Assignment: Look below for the line that contains "ملک میں سیکیورٹی", and write out exactly that line and all remaining lines of the listing, omitting pictures.

Record excerpts:
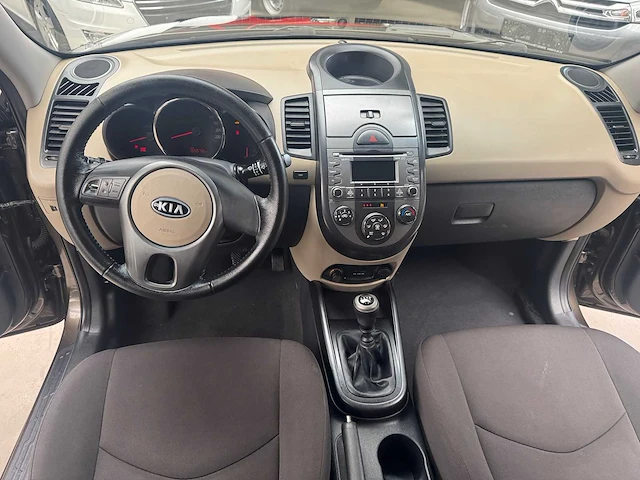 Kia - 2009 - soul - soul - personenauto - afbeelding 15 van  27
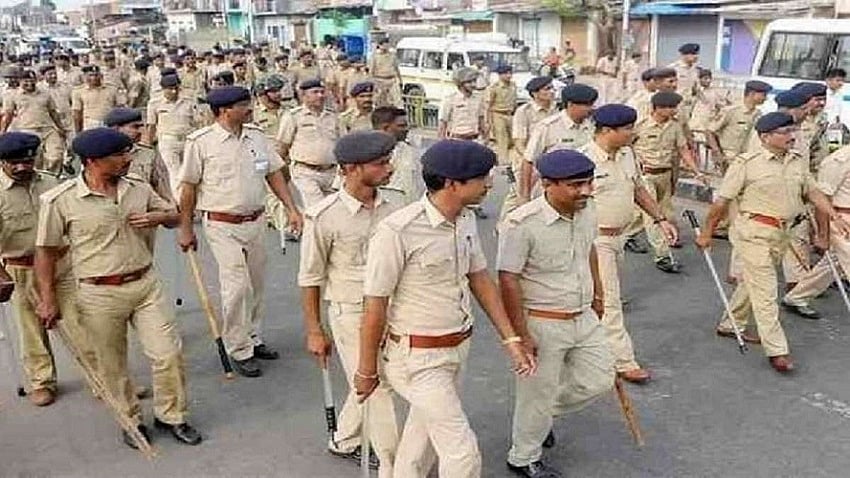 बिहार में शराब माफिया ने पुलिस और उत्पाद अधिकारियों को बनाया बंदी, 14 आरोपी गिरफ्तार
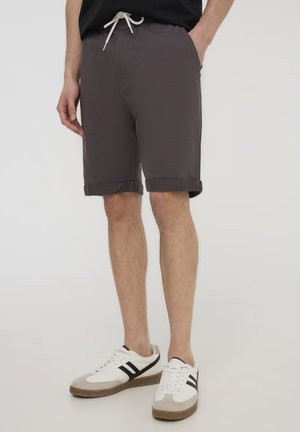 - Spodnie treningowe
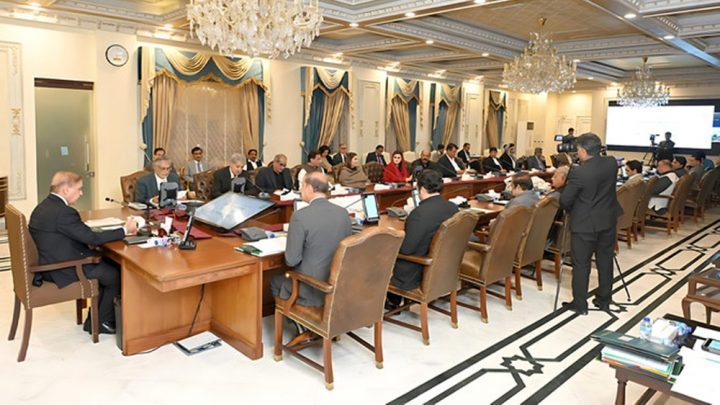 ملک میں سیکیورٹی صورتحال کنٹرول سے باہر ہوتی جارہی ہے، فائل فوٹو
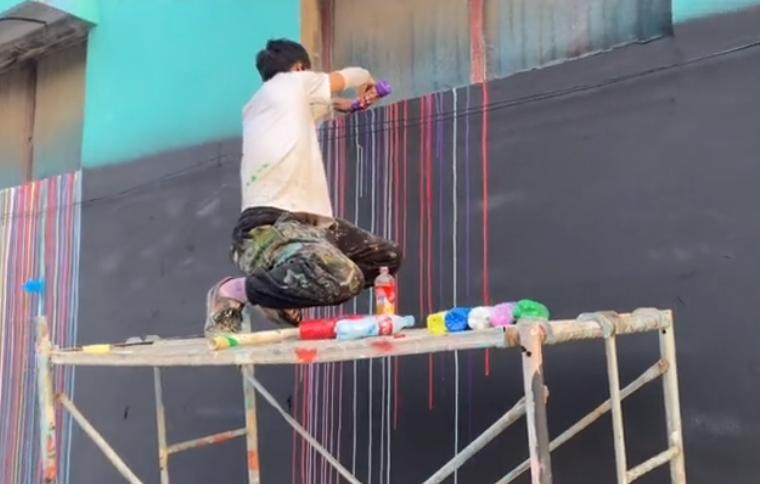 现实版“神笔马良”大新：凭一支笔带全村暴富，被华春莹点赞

Solution:
 ملک میں سیکیورٹی صورتحال کنٹرول سے باہر ہوتی جارہی ہے، فائل فوٹو
 现实版“神笔马良”大新：凭一支笔带全村暴富，被华春莹点赞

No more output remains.